Web page caption snippets
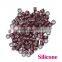 Hair Extension Accesoires,Flaring Copper Tube For Hair Salon,Flared Copper Micro Beads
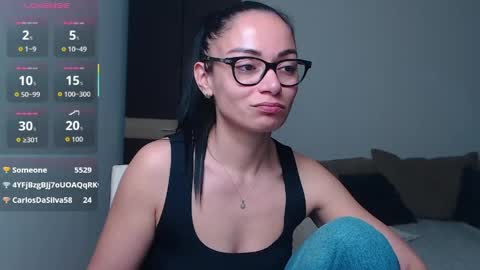 SereneSophi online show from May 3, 4:27 am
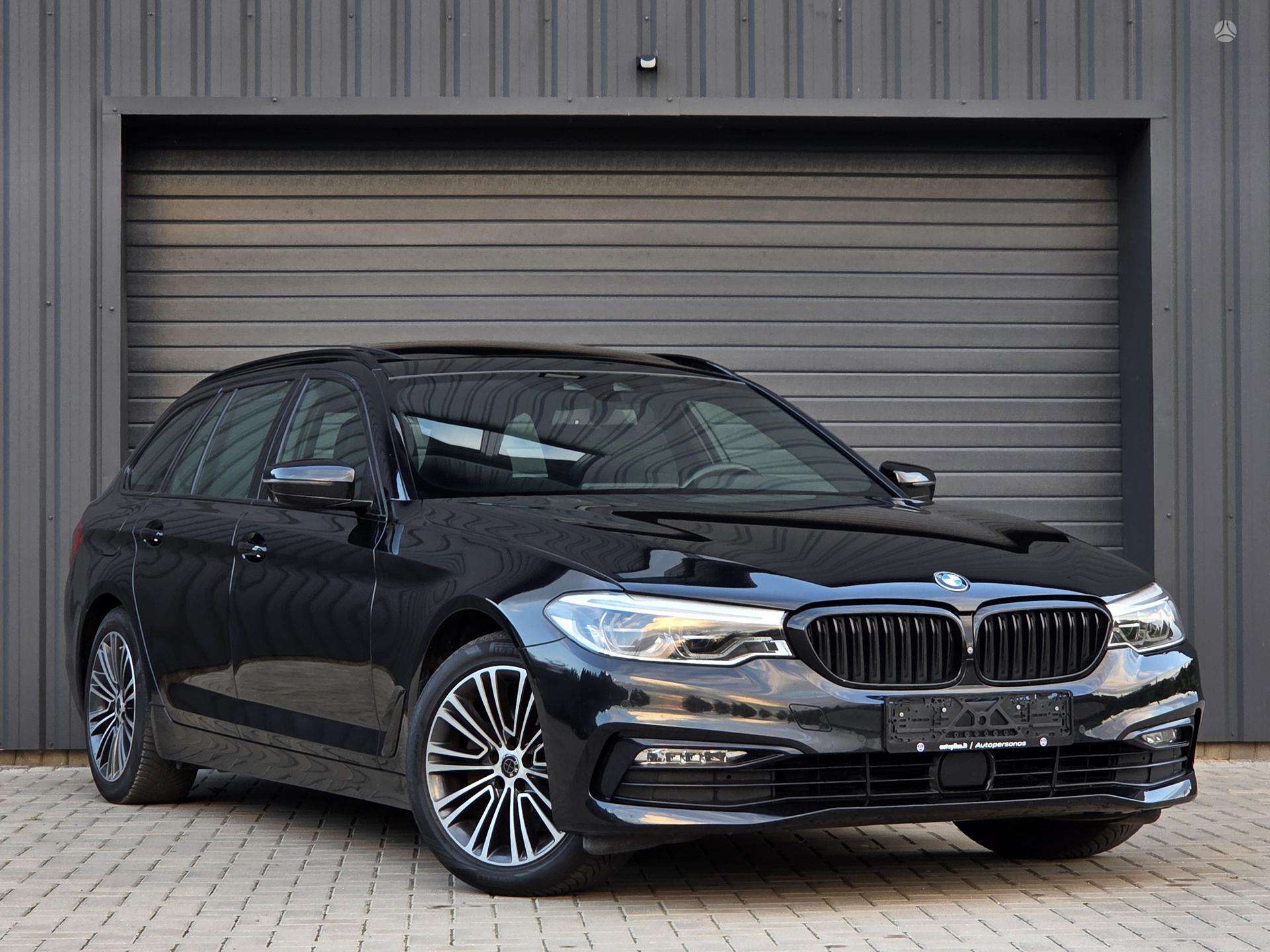 BMW 520
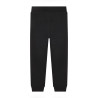 Pantalon de jogging noir Boss Enfants arrière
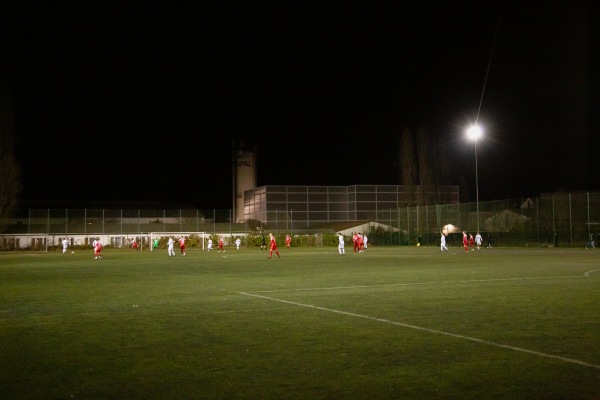 Sportplatz am Röntgenweg 2 - Weißenfels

* WHAT TO DO
Retype exactly the lines above, starting at the line containing "SereneSophi online show from May 3, 4:27 am" and ending with the last line, both included; leave out the pictures.

* RESULT FOR THIS TASK
 SereneSophi online show from May 3, 4:27 am
 BMW 520
 Pantalon de jogging noir Boss Enfants arrière
 Sportplatz am Röntgenweg 2 - Weißenfels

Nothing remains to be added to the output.